えめばら園

Philosophier' Er nicht, Herr Schatz, und komm' Er her. Jetzt wird gefrühstückt. Jedes Ding hat seine Zeit.

カント批判者としてのエルンスト・プラトナー Beiser (1987)

The Fate of Reason: German Philosophy from Kant to Fichte

The Fate of Reason: German Philosophy from Kant to Fichte

  • Beiser, Frederick (1987). The Fate of Reason: German Philosophy from Kant to Fichte.

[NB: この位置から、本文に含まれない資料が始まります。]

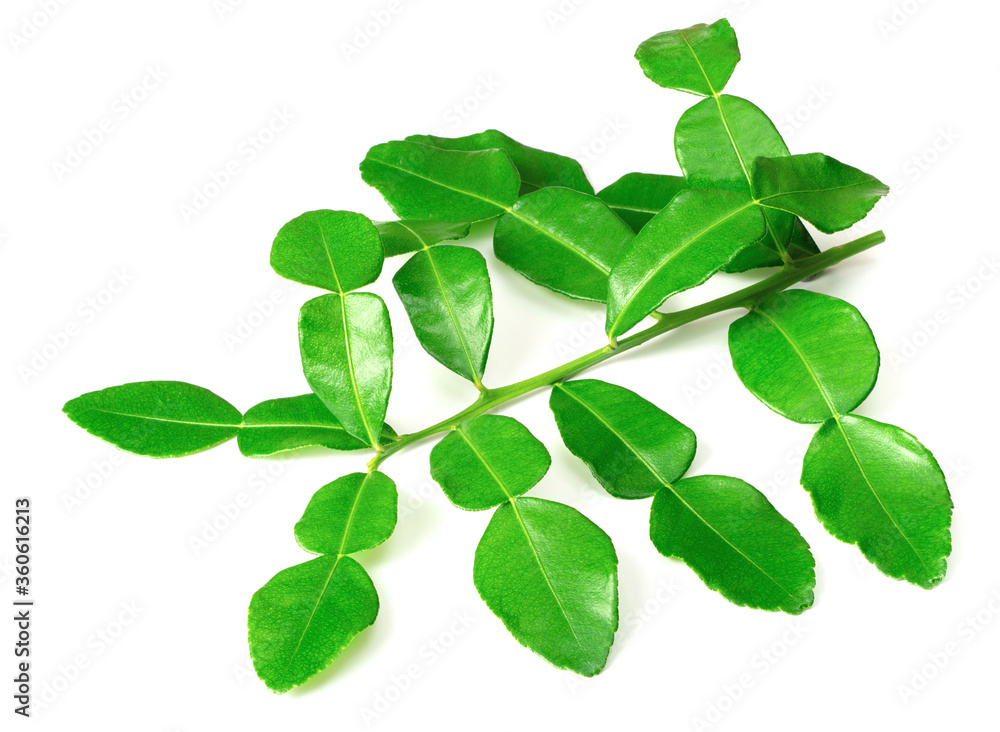 fresh caffre lime leaves isolated on white background fresh caffre lime leaves isolated on white background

Cambridge: MA, Harvard University Press.
    • 7.6 Platner’s Meta-Critical Skepticism

 エルンスト・プラトナー(1744−1818)は、ドイツにおける「通俗哲学」運動の先導者であった。その哲学はライプニッツに大きく影響されており、著作『箴言集』はどの版でもライプニッツの認識論と心理学に対するカントの反論に再批判を加えている。しかし1790年代にカントの影響力が高まってくると、プラトナーもしだいに形而上学に懐疑的になり、それは『箴言集』3版(1793)に見て取れる。だがここでも彼はあくまで反カントのライプニッツ主義者であり、メタ批判的な懐疑論を展開してカントに対抗しようとした(なお『箴言集』は1790年代にはイェナで教科書としてよく採用され、フィヒテ・シュミット・ラインホルトの知的背景となっている)。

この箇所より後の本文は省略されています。